The same is not true for healthcare. You have no real alternative. Paying cash for healthcare services is not wise or really possible. We have been forced to participate in a market that has us held hostage, literally as a matter of life or death. We are being forced to pay up, or suffer and die.
If that’s not extortion, I don’t know what is.
Everyone needs healthcare, and the more preventative care you get up front, right now, when you’re young and healthy, the better outcomes you’ll have, and the cheaper your healthcare costs will be. Healthcare can’t be looked at as some luxury item that you should save up for, or as something that can be offset a year from now in a tax break.
Everyone needs access to healthcare NOW. Everyone needs access to quality medical care, medication, treatments and therapies. Not next year, not after we get our tax returns back, now.
So what can we do about being held hostage by this system?
We fight back.
We challenge the premise that health insurance companies are the only ones who have a right to provide healthcare to Americans. We fight back with our dollars, and make an investment in ourselves and each other.
I am proposing that we, as Americans, as Michiganders, be allowed to form a Public Health Union. We should not be held hostage to buying insurance from insurance companies. I am proposing the start of a Public Health Union, where individuals and families can pay reasonable premiums each month, and receive all ten essential health benefits outlined in the ACA:
- Ambulatory patient services (Outpatient care, going to your doctor’s office)
- Emergency services.
- Hospitalization.
- Maternity and newborn care.
- Mental health and substance use disorder services, including behavioral health treatment.
- Prescription drugs.
- Rehabilitative and habilitative services and devices.
- Laboratory services.
Without deductibles, without copays, without co-insurance.
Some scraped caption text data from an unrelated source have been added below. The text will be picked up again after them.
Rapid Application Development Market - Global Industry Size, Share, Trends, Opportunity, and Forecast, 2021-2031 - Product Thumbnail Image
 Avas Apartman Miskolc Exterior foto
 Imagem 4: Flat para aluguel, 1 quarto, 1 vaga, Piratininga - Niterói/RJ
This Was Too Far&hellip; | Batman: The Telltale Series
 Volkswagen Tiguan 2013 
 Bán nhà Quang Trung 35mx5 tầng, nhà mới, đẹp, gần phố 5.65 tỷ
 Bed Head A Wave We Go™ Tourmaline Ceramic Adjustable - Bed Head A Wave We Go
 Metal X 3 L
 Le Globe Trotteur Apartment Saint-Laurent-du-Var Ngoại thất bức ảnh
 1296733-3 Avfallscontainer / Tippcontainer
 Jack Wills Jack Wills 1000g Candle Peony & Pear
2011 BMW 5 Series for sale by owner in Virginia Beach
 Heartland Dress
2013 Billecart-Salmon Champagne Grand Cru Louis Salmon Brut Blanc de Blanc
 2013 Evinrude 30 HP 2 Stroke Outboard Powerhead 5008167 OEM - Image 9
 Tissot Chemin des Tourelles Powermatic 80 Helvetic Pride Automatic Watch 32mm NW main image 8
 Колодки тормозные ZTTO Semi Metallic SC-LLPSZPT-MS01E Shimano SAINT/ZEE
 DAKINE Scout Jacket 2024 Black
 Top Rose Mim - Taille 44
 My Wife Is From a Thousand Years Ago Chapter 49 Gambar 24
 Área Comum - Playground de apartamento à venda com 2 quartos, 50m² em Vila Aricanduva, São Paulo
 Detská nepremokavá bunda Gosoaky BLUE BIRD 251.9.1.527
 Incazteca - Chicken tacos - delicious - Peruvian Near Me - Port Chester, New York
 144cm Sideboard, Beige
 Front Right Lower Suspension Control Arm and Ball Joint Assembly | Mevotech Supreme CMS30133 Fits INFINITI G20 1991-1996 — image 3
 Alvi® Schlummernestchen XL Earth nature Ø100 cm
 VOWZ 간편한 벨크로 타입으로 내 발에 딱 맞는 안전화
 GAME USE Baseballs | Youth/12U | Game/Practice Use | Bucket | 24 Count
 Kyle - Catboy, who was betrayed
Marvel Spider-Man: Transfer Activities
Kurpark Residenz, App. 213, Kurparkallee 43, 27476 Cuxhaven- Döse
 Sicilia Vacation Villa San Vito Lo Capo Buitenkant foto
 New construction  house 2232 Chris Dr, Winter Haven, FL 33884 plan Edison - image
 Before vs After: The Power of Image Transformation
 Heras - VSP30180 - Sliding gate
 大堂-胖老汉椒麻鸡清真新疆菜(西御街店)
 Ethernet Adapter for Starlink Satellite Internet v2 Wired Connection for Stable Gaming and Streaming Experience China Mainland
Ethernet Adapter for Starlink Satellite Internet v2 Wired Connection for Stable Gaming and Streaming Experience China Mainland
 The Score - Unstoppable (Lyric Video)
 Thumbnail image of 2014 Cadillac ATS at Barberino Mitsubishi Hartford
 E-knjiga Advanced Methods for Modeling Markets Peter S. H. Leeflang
When the motive behind premium payments is covering costs of healthcare services without making a profit, modest premiums can more than cover the cost of health insurance.
I am proposing a Public Health Union that lets the people take care of each other, when health insurance companies won’t. I’m proposing this be an optional health care solution, because not everyone will want to participate, and we should all be free to choose. This is America after all, and we should all have freedom of choice.
As a nurse, as a mother, as a consumer, I am tired of being forced to participate in a health insurance system that sees human beings as walking (or rolling) dollar signs, and this is what I propose to do to change it.